The current visit's agenda, while still featuring the missing in action
(MIA) issue, was broadened as part of a process of developing military-to-military
relations.
``The visit is part of a modest effort to begin discussions with the Vietnamese
regarding the shape (of) contacts between our defence establishments,''
Army Lt. Col. Donna Boltz, a Pentagon spokeswoman, said.
Lt. Cmdr. Karen Jeffries of the Navy, another Pentagon spokeswoman, described
the delegation as a ``working group'' aimed at developing personal ties
and fostering an understanding of how each military establishment operates.
She said she expected discussion of the possible first port calls since
U.S. warships operated from the giant Cam Ranh Bay naval base during the
Vietnam War.
In Hawaii, the delegation was being hosted by the commander in chief of
the U.S. Pacific Command, Adm. Joseph Prueher, and was visiting the facilities
of the U.S. Joint Task Force for Full Accounting which is in charge of
efforts to trace MIAs.
In Washington, the host will be Kurt Campbell, a deputy assistant secretary
of defence who led a U.S. inter-agency team to Vietnam last October to
begin military-to-military talks, the Pentagon said.
It said getting the fullest possible accounting for missing Americans ``remains
the U.S. government's top priority in regard to Vietnam.'' On the Washington
leg, which begins on Saturday, the Vietnamese team will visit the Pentagon,
Coast Guard headquarters and the Pentagon's National Defence University
and meet military historians, defence officials said.
President Bill Clinton normalised diplomatic relations with Vietnam in
July 1995. Douglas ``Pete'' Peterson, a former prisoner of war nominated
to be the first U.S. ambassador to Hanoi, is expected to arrive there next
month if confirmed, as expected, by the U.S. Senate.
With the normalisation of ties, the Navy has been interested in paying
port calls to Vietnam to show the flag, partly as a counterweight to China's
growing military might in the region.
U.S. access to Vietnam's ports has become potentially more important as
an operational matter since Washington lost access to Subic Bay Naval Station
in the Philippines in 1992.
16:10 02-19-97
You have to wonder about the logistics involved.
This had to be planned well in advance of the confirmation hearing on an
ambassador to Vietnam.

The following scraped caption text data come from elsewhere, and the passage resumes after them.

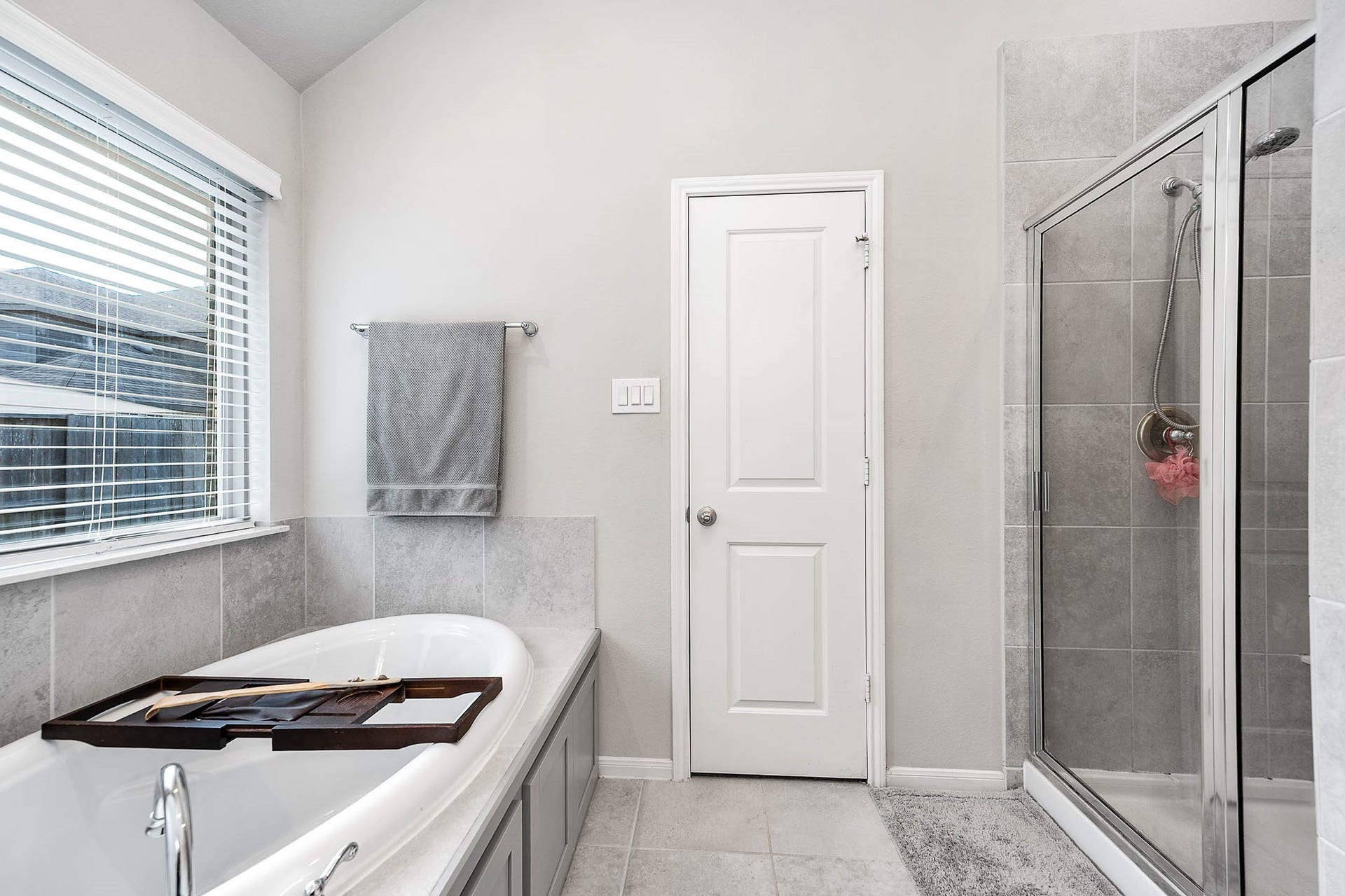 3707 Amoroso Drive, Iowa Colony, TX 77583 A quick shower or a long soak? A separate glass-enclosed shower and tub let you choose.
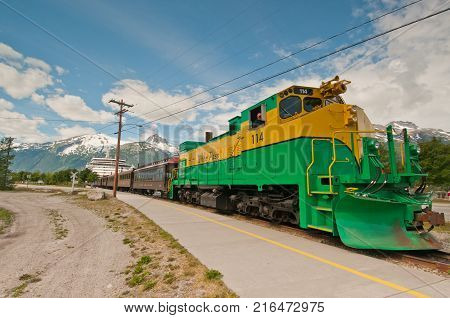 ALASKA - JUNE 2010: Train leaving for excursion to the White Pass taken in Alaska on June 29 2010. The railway was built during the Klondike Gold Rush in 1898.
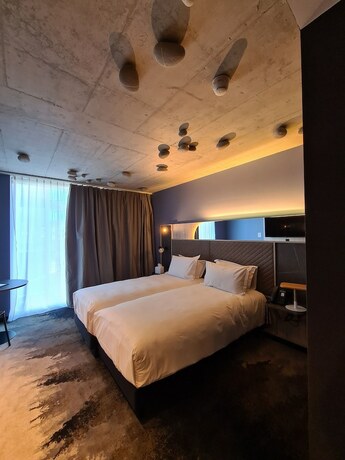 Imagen de la habitación del Hotel Mercure Del&eacute;mont. Foto 16
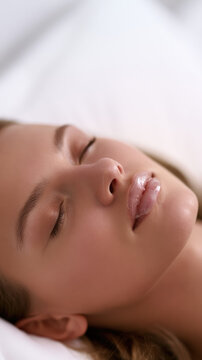 Sleeping woman with clear dental guard, close up side view, soft white background, calm skin, closed eye, relaxed face, copy space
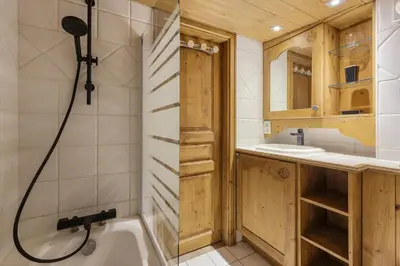 a bathroom with a shower and a tub and a sink at Cristal - Duplex Sauna Parking Remontee 300m Balcons in Chamonix-Mont-Blanc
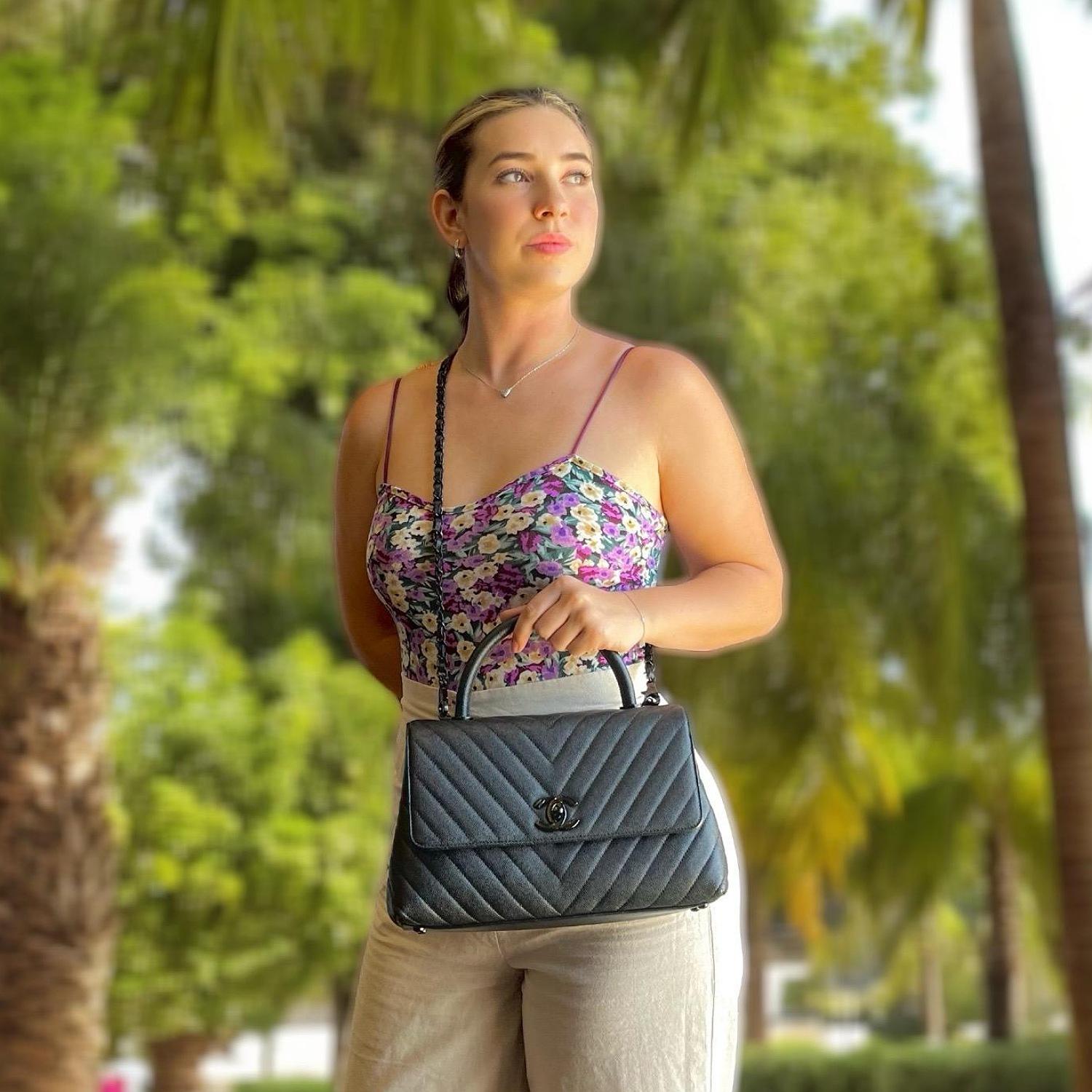 This chic tote is crafted of diamond stitched grained caviar calfskin leather in gunmetal. The shoulder bag features a sturdy leather top handle, a black chain link leather threaded shoulder strap with a shoulder pad, a rear patch pocket, and a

During the 104th Congress, a well known senate staff
found that appointing a sitting congressman as Ambassador violated the
constitution, thus temporarily procrastinating the appointment of Pete
Peterson the first US Ambassador to Vietnam in 50 years.
The planning of this delegational visit had to have taken up a lot of bureaucratic
time--or did they, too, make a Riady/Lippo-type contribution?
Former Congressman Peterson's confirmation hearing took all of An hour
and 15 minutes, from 8:00 AM to 9:15 AM; less time than it takes to extract
a tooth but a lot more painful for family members, veteran groups and the
PoW/MIA community.
Now a former enemy, who brutalized American PoWs, who has warehoused remains
and actively has aided in the coverup of their keeping Americans behind
as PoWs, now they have a military delegation on American soil.
An enemy whose Prime Minister is personally responsible for the execution
of captured American PoWs; did they too use the Riady/Lippo Group to buy
their way into normalization? What's next, MO$T FAVORED NATION $TATU$?
Key money. Perefectly legal. Morally bankrupt.